The rule against perpetuity in Arizona, which is home to both House and Alcor, is relatively lax. It allows assets to be held for 500 years, after which relevant trusts can be renewed for another 500 years. Arizona also allows trusts to be transferred out of the state as that 500-year mark approaches, which would allow assets to move to a more hospitable state in the 26th century.
Over the last five years, House has handled roughly 30 such trusts for Alcor clients, who pay $5,000 to establish their Future Income Trust, with a minimum funding level of $500,000.
“Some people are putting millions and millions away,” he said.
For those who can’t afford such stratospheric investments, House developed a multi-investor model that allows people to put in as little as $25,000.
“It’s stock-heavy, but it’s still a really conservative portfolio. We’re looking at a 7% return. If you have 200 years to accumulate, yes it will grow a lot.”

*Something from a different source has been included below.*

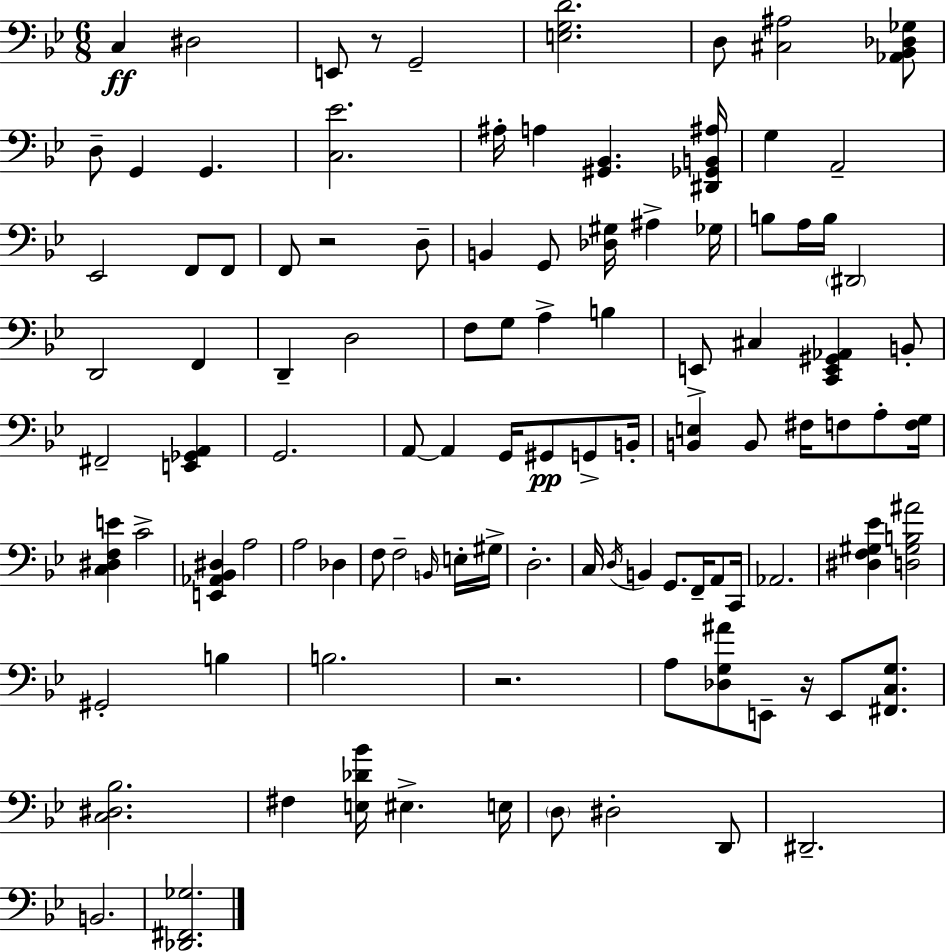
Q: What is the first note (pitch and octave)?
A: C3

Despite the inhuman investment timescale, House said that clients can’t rely on the miracle of compounding interest to turn a $10 trust into a $1 billion payout. The management of that money — up to 1.5% in fees, plus taxes — can be costly, he said.
“You still have trustee fees and accounting fees. You’re still paying taxes, which is going to reduce the amount that’s going to accumulate. And you have to offset inflation.”
With so many unknowns, there is a possibility that one could wake up in the future to find themselves a paupered billionaire living among trillionaires.
Others favor a different approach, one that emphasizes enjoying one’s money in the present, rather than trying to stockpile against a future that is, to put it mildly, uncertain. From the cryonicists’ perspective, even bedrock assumptions about currency and value are suspect.
“Everything might be free in the future, if robotics are so efficient that you don’t need labor,” Kowalski mused, “I’m of the belief that I came into this world naked and broke. If I come into the future naked and broke, that will probably be okay.”
Though cryonics is a gamble with an uncertain payoff for the deceased, there may be a more immediate benefit for the bereaved.
Paul Hagen said it fundamentally changed how he grappled with the emotions that came as he attended his father’s final hours of life. He felt the pain of loss one might expect for a deathbed setting. But, with the CI team waiting in the wings, there was promise of another chapter in his father’s story. He also felt a more unusual emotion: pride.
“It was knowing those people and that equipment were on the way,” he recalled. “Knowing that, some day in the future, I might be with him again.”